BEIJING, Oct. 14 (Xinhua) -- China plans to launch its first satellite to test the technologies of the space-based gravitational wave detection program "Tianqin" by the end of 2019.
The program Tianqin, meaning "harp in sky," was initiated by Sun Yat-sen University in South China's Guangdong Province in 2015. It will consist of three satellites forming an equilateral triangle around the earth.
"It's like a harp in space. If the gravitational waves come, the 'harp's strings" will be plucked," said Luo Jun, president of the Sun Yat-sen University and an academician of the Chinese Academy of Sciences, at a conference held recently in Guangzhou, capital of Guangdong Province.
The detection will be based on high-precision laser interferometry technology to measure the changes of the distances and locations of the three satellites, according to Luo.
Gravitational waves are "ripples" in the fabric of space-time caused by some of the most violent and energetic processes in the universe. Albert Einstein predicted the existence of gravitational waves in 1916 in his general theory of relativity.

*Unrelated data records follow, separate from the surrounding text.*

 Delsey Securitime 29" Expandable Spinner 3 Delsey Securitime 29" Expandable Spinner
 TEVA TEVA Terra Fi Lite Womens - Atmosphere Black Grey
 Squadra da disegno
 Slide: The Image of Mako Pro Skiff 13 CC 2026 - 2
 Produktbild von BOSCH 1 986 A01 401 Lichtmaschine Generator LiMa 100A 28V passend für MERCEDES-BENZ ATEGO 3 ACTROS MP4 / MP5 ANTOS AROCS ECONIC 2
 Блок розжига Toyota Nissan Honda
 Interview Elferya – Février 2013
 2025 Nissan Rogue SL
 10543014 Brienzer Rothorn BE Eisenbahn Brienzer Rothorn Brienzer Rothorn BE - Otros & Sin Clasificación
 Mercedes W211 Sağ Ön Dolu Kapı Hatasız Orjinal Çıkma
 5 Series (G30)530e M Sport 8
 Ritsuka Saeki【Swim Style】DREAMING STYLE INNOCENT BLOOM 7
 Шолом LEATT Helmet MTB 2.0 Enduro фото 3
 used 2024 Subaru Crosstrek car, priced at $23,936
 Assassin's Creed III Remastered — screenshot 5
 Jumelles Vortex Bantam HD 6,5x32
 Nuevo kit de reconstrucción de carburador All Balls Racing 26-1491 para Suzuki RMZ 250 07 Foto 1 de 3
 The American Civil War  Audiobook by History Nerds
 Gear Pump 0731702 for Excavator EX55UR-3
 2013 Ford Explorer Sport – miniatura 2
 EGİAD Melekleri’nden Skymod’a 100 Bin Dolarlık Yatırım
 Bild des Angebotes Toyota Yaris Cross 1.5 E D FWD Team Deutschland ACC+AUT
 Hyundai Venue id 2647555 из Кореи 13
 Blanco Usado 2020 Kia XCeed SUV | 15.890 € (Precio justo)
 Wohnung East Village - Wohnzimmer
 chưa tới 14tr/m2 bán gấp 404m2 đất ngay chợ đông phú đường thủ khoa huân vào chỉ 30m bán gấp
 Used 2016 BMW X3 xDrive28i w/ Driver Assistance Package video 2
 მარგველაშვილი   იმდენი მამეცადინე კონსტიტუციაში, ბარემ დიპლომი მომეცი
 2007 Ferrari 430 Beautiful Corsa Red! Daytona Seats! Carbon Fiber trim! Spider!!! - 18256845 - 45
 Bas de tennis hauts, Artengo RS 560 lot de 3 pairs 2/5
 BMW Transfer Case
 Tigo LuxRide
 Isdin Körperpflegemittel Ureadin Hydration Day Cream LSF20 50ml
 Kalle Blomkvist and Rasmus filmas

The first-ever discovery of gravitational waves by the American Laser Interferometer Gravitational-Wave Observatory (LIGO), announced in February 2016, has encouraged scientists worldwide to accelerate their research.
Different from LIGO, the space-based probes will be used to detect gravitational waves at much lower frequencies, which are generated by the merging of massive or supermassive black holes, scientists say.
The European Space Agency has also launched a space-based gravitational wave detection program, the "Laser Interferometer Space Antenna" project.
Luo admitted that although China had achieved some breakthrough results in the detection technology, there was still a huge gap to realize the space-based detection of gravitational waves.
Laser-ranging is one of the necessary technologies for detection. China accomplished its first successful laser-ranging between earth and the moon in January this year.
The relay satellite of China's Chang'e-4 lunar probe, launched in May this year, carries a reflector developed by the Sun Yat-sen University, and is expected to extend laser-ranging to a record distance of 460,000 km in 2019.
Scientists from Germany, Italy and Russia have expressed their willingness to cooperate with China in gravitational wave detection.